Por su parte, Daniela fue más paciente con él, lo orientaba en los deberes, procuraba ayudarlo en los exámenes, se preocupaba más por sus actividades extraescolares, lo animaba a intervenir en la resolución de los ejercicios y tenía más reuniones con sus padres.

Pasado cierto tiempo, Gorka empezó a dar muestras de confianza en la maestra y en él mismo; además, daba la impresión de que entre él y sus compañeros había empezado a desarrollarse ese trato que hay normalmente entre los miembros de una misma aula. Más aun, éstos lo ayudaban muchas veces a resolver los problemas de matemáticas y los ejercicios de lengua, y no había ocasión en que Gorka no formase parte de uno de los equipos de fútbol que se organizaban en el colegio.
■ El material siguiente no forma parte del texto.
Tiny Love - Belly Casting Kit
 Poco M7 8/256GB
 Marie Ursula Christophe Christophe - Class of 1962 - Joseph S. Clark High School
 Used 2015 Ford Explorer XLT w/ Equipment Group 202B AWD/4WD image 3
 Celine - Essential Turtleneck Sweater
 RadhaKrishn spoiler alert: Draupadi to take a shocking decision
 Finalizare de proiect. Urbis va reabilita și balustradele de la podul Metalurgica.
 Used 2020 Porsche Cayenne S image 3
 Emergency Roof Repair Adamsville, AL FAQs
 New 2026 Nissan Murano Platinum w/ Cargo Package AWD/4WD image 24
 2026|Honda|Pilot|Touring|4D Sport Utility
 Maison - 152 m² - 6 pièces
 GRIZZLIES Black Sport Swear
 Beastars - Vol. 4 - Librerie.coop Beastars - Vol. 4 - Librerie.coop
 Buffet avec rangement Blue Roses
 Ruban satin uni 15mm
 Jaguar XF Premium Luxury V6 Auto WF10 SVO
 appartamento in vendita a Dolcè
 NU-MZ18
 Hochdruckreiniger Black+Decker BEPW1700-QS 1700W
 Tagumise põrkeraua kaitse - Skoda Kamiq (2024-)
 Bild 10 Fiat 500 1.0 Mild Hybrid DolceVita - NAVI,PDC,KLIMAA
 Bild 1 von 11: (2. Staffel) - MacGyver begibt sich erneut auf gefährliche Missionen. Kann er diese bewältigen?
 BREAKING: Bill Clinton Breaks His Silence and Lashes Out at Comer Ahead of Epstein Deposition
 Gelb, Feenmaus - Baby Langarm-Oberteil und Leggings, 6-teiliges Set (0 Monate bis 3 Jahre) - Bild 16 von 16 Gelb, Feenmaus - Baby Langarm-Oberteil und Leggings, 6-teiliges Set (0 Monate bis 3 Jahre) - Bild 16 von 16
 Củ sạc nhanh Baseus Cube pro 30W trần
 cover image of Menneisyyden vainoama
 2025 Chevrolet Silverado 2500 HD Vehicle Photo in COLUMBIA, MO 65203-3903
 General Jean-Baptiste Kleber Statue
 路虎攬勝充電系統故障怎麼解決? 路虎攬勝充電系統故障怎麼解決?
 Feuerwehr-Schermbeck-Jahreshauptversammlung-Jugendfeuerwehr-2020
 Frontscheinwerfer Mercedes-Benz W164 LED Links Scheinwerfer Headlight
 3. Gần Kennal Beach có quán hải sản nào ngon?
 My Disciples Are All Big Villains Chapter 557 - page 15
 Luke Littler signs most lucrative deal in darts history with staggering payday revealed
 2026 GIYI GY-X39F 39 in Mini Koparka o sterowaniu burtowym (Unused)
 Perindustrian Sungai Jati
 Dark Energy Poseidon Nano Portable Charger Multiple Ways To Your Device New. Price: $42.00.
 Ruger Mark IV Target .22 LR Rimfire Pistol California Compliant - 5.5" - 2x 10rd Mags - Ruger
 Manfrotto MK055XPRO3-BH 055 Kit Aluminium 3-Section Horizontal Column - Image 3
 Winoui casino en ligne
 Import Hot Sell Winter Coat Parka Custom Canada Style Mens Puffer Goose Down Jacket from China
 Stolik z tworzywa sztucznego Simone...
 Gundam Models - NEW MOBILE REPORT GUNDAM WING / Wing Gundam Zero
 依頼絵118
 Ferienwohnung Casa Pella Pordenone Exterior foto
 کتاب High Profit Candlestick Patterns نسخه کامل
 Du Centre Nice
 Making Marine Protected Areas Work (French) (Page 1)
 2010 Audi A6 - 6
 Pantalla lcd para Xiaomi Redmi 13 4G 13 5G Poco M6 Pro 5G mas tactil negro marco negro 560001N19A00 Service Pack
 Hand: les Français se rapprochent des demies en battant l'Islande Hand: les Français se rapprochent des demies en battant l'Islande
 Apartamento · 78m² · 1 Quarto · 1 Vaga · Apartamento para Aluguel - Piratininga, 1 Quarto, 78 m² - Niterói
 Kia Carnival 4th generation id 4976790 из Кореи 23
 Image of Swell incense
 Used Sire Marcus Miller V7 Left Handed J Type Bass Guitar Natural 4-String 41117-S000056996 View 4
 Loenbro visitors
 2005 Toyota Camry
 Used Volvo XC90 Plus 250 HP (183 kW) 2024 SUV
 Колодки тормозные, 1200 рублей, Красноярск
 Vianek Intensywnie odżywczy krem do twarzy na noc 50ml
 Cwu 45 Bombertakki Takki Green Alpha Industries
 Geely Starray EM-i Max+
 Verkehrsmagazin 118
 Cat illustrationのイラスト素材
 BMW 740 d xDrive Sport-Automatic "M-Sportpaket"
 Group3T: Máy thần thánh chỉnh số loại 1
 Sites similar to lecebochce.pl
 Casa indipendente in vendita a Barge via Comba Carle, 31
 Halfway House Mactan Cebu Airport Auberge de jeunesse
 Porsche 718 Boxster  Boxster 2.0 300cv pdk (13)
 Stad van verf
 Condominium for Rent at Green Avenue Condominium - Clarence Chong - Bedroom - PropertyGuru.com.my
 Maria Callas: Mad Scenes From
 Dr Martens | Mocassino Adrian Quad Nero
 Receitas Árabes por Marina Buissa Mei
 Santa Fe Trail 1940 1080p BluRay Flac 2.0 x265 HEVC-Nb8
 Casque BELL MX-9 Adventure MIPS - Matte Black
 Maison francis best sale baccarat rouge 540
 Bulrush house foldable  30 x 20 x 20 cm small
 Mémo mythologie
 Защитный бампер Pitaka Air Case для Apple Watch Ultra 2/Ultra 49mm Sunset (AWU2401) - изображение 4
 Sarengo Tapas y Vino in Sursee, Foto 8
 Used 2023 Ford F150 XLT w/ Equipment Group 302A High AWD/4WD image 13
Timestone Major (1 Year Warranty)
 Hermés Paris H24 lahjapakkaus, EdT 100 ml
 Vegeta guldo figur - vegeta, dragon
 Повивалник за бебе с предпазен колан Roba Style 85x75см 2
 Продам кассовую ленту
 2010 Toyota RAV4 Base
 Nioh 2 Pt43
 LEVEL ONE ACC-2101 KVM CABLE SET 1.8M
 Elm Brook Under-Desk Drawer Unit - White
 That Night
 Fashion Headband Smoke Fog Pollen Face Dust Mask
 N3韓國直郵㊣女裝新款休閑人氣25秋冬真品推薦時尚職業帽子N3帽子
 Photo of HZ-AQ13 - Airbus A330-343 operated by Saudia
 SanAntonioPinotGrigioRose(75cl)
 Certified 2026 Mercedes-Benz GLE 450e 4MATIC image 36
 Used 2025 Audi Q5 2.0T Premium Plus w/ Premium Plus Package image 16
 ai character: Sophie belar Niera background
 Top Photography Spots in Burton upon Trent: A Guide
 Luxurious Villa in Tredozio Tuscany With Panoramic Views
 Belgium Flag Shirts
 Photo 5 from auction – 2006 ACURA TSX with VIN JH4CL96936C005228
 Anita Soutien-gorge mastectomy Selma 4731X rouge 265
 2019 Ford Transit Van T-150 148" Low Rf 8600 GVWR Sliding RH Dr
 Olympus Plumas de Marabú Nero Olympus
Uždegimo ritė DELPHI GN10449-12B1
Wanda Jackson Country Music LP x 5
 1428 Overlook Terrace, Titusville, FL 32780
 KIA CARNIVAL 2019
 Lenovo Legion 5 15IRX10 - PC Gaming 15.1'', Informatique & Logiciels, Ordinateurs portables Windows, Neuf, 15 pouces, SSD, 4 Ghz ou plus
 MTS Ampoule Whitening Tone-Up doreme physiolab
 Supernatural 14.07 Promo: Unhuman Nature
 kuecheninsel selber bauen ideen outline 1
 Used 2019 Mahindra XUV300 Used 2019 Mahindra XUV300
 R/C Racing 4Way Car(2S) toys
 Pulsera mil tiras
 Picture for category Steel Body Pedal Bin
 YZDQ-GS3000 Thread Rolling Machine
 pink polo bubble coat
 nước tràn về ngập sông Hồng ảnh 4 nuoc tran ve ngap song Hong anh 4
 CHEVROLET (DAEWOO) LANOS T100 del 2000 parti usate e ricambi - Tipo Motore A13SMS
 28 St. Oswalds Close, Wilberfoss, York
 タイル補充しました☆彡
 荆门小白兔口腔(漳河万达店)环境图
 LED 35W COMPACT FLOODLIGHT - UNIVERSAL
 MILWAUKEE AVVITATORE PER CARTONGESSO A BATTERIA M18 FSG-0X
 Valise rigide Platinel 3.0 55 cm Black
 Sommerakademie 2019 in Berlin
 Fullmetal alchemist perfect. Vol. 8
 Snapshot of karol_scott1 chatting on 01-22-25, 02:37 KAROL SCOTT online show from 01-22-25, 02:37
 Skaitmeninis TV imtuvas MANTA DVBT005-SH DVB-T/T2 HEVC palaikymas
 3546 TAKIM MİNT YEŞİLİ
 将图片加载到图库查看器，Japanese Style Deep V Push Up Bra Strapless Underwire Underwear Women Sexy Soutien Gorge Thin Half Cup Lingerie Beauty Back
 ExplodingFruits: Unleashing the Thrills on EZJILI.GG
Un día, en esta ocasión por iniciativa propia, Gorka quiso participar en una actividad de grupo. Contestó oralmente y de forma correcta. Daniela, que no podía contener su alegría, lo felicitó ante todos sus compañeros. Pero Gorka no estaba acostumbrado a oír palabras halagüeñas y llegó a sonrojarse.

Esa misma noche, ya en casa, Daniela se entregó de lleno a la lectura de un artículo que hablaba de la importancia de los abrazos en las personas. Descubrió que los abrazos borran la sensación de soledad, hacen que los individuos se sientan bien y ayudan a aumentar la autoestima, así que se decide a reforzar con esa estrategia el planteamiento que había planeado con Gorka hasta entonces.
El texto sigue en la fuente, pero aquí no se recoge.